Updated: Mar 11, 2021

By Lamisa H.

Collage by The Pvblication

I grew up around a lot of smart kids. Children who were placed in gifted and talented classes and who seemed to comfortably move onto selective schools and succeed in everything they tried. In my school I was the only brown person, so being “smart” was the only category I could fit myself into. I tried to live up to it by carefully curating an identity of self-assured intelligence that I never let slip. I pretended to finish books that I wasn’t even halfway through. I stole the Pre-Uni answer booklets from my parents because I could not confidently answer the questions on my own. I grew up feeling like a fraud.


I sought out validation of my intelligence from my peers, instead of actually trying to better myself in my studies, and this mindset followed me into university. What this looked like was hiding my work from my peers and not trying in tasks in the first place, for fear that my subsequent failure would be my fault. Hearing my friends say “I didn’t even study for this” before acing a test re - affirmed my belief that intelligence was gifted and effort wasn’t necessary for the talented to succeed. I thought my passion for teaching would carry me through university with flying colours, so naturally, when it didn’t, I stopped trying altogether.

Dr Carol Dweck was the first to coin the term ‘fixed mindset,’ which is the belief that talent, rather than effort, generates success — that you are either good or bad at something and there is no changing that. Many of us still innately believe that while you can learn new things, the intelligence you were born with can never grow. In a ‘growth mindset’, people realise that they are capable of changing and growing their most basic abilities, like intelligence and talent, through effort and dedication. A growth mindset is imperative in achieving what a fixed mindset would never allow us to believe that we are capable of attaining.
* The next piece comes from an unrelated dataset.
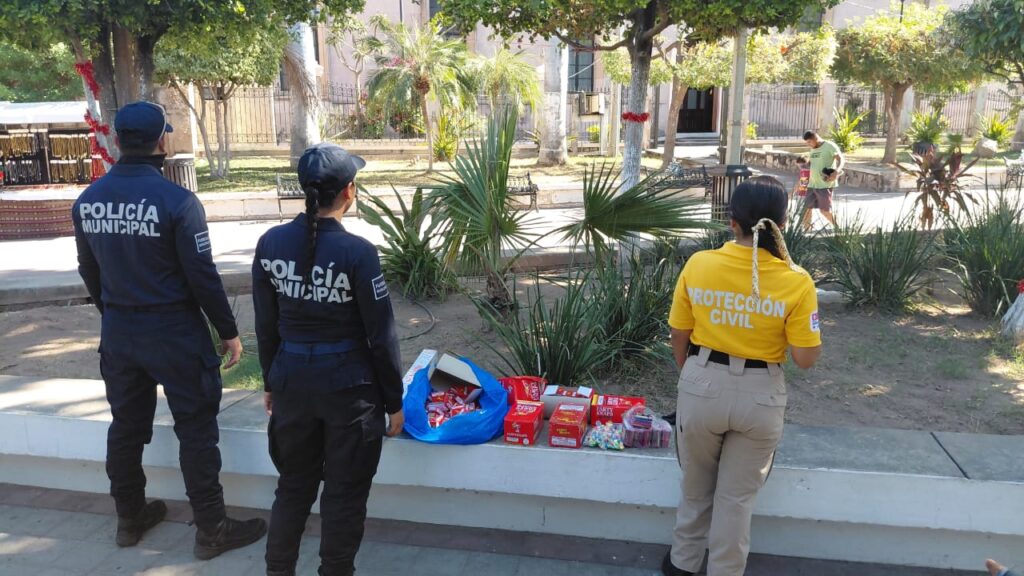 Elementos de seguridad junto a pirotecnia asegurada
The view you adopt for yourself profoundly affects the way you lead your life and the successes you are capable of achieving.

Graphic by The Pvblication


I’m a new teacher. It is essential for me as an educator to cultivate my own growth mindset before trying to teach others. Recently, I got hired for my dream job at a not - for - profit called Story Factory - an innovative “school” that upturns traditional teaching methods, focusing on growing confidence and creativity. When I first met Bilal Hafda, the StoryTeller-in-Chief, I knew that I wanted to be him when I grew up. His empathetic teaching methods (giving students prompts rather than orders, refusing to correct their spelling and building off any ideas that may seem untraditional) became the teaching method I wanted to emulate.

A school is a difficult place to run. Most of the time you get the feeling that you are making work so that students behave, and it’s a battle trying to figure out how your tasks are meant to be meaningful each step of the way. The rigidity of the syllabus does not allow for creativity in the classroom, which can lead to neglecting to teach real-life skills that students can carry into their lives, leading to disillusionment with the education system. In trying to grow my own knowledge, I asked Bilal what he wishes he could teach:

Bilal Hafda, Storyteller-in-Chief
Graphic by The Pvblication

“I’m going to cheat and say that there are two skills that I don’t think gets enough attention - confidence and creativity. You need [people] to feel comfortable enough to try new things and meet them at the point they are at. Creativity is a bit like that too, with more emphasis on play. I believe the two are interwoven, and that the right [learning] environment allows [people] to work on both skills.”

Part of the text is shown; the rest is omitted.